--- DATA ---

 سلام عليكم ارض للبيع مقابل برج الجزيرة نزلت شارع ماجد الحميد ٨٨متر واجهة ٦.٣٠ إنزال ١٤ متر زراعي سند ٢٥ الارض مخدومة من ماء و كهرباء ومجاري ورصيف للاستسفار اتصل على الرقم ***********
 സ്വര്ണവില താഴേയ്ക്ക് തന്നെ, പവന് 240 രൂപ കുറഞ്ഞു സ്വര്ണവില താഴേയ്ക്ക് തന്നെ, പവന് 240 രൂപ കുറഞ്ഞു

---
--- DATA ---

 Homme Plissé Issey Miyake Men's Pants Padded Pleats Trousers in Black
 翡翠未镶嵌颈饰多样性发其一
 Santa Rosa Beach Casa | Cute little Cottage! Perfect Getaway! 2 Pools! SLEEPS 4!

---

▶ [TASK OBJECTIVE]: Transcribe, exactly and without additions, the lines of the records above, beginning with the line that contains "سلام عليكم ارض" and ending with the line that contains "സ്വര്ണവില താഴേയ്ക്ക് തന്നെ, പവന് 240 രൂപ കുറഞ്ഞു സ്വര്ണവില", both included.

▶ [ANSWER FOR THE TASK]:
 سلام عليكم ارض للبيع مقابل برج الجزيرة نزلت شارع ماجد الحميد ٨٨متر واجهة ٦.٣٠ إنزال ١٤ متر زراعي سند ٢٥ الارض مخدومة من ماء و كهرباء ومجاري ورصيف للاستسفار اتصل على الرقم ***********
 സ്വര്ണവില താഴേയ്ക്ക് തന്നെ, പവന് 240 രൂപ കുറഞ്ഞു സ്വര്ണവില താഴേയ്ക്ക് തന്നെ, പവന് 240 രൂപ കുറഞ്ഞു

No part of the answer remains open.